Ответом мне было молчание. Я вытерла тарелки и убрала их в отвратительный красный шкафчик.

— Ты сама знаешь! Задумайся над тем, какая ты!

Он уже стоял в дверях, в куртке, и взгляд у него был злой.

Я попыталась вспомнить, что произошло перед тем, как я начала вытирать посуду, потому что не знала, ей-богу, не знала.

— В чем дело? — спросила я, тогда я еще спрашивала смело.

— Ни в чем! Ты сама все прекрасно знаешь! — крикнул он и закрыл за собой дверь.


Я осталась одна, удивленная, да, всего лишь удивленная, невероятно удивленная.

А потом начала размышлять, что же я такого сделала, из-за чего он ушел.

«Может, у него на работе был тяжелый день, — подумала я, — а мне и в голову не пришло об этом спросить.

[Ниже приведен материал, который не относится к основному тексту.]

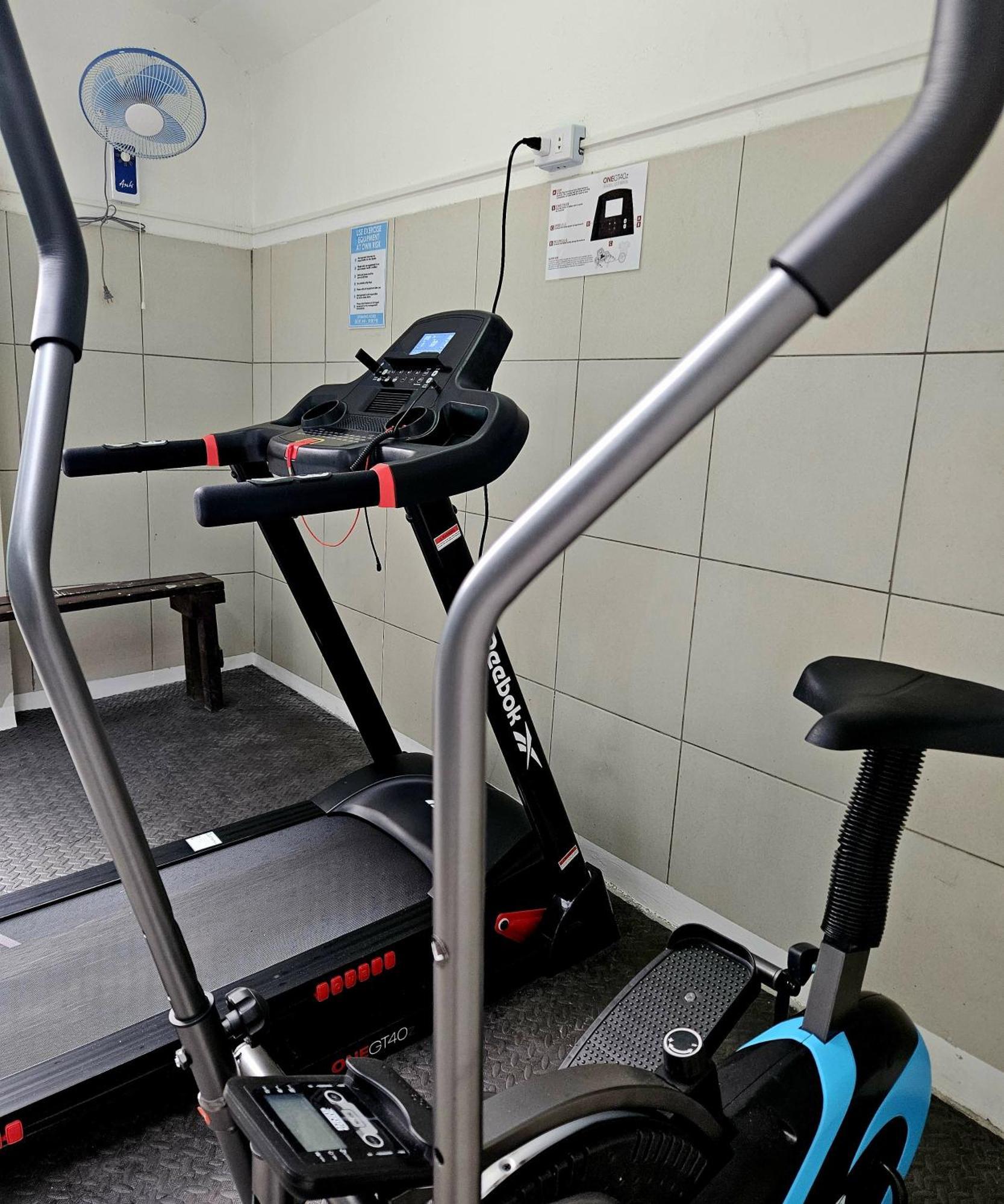 Monchere Dormitory Manila Ngoại thất bức ảnh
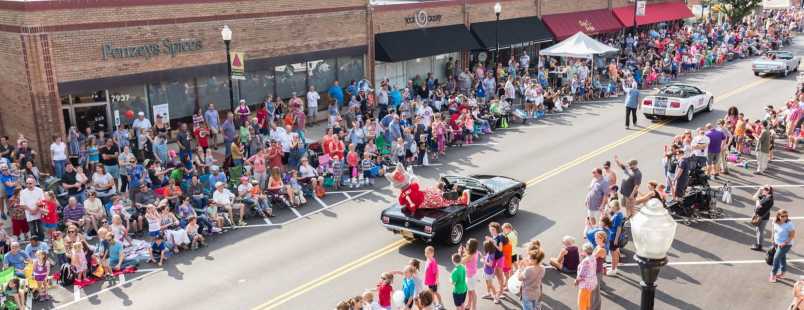 Downtown Overland Park Parade Main Image Downtown Overland Park Parade Main Image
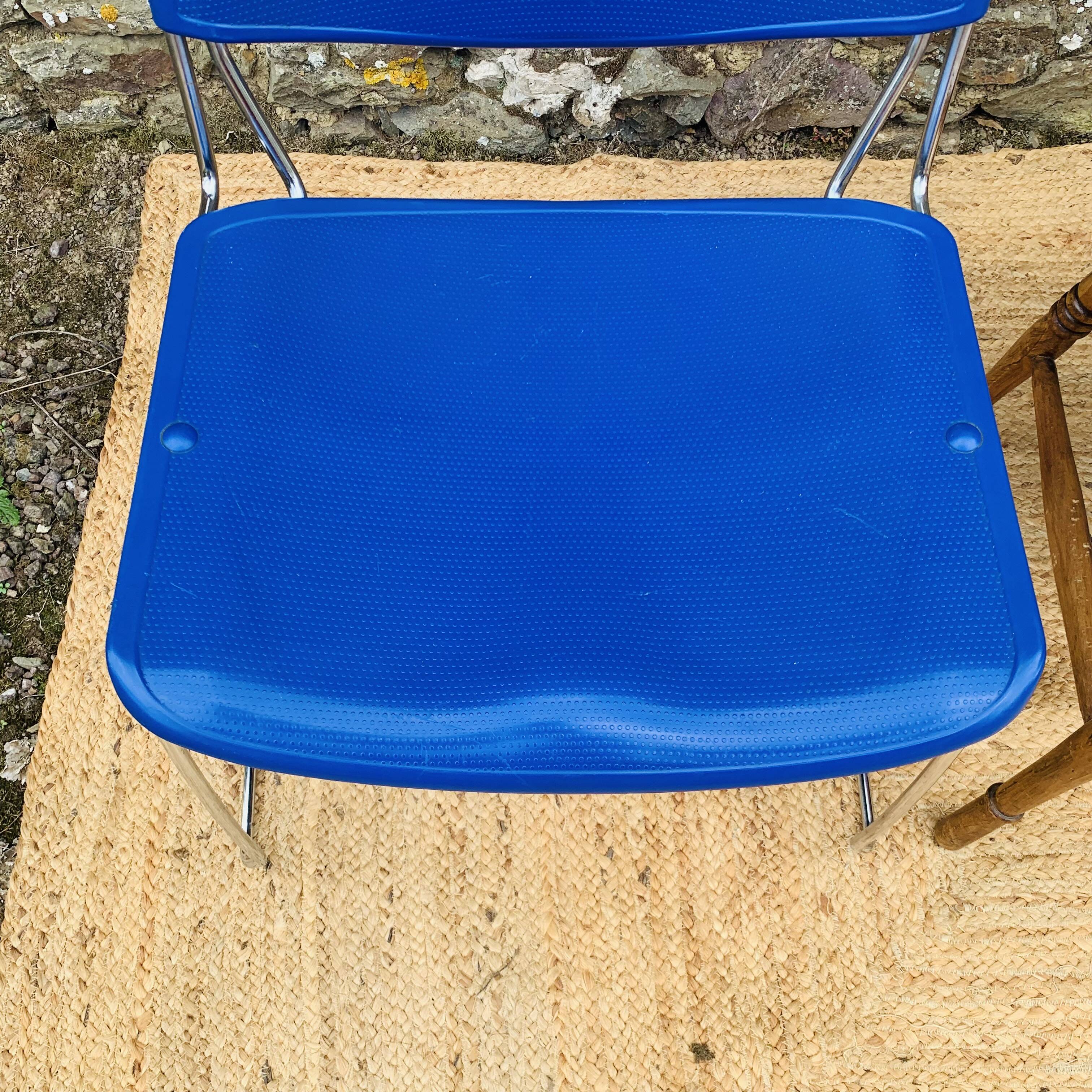 Ensemble de 4 chaises dépareillées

Но я не успела, мы только что пообедали, а ведь он любит, чтобы после обеда все сразу же было убрано, — подумала я, — и это здорово. Мужчины, как правило, не придают значения порядку в доме, а он — другой, — подумала я. — Но, может, он нуждался в моей чуткости, в моем внимании немедленно, а для меня важнее была сковорода, может, в этом все дело?»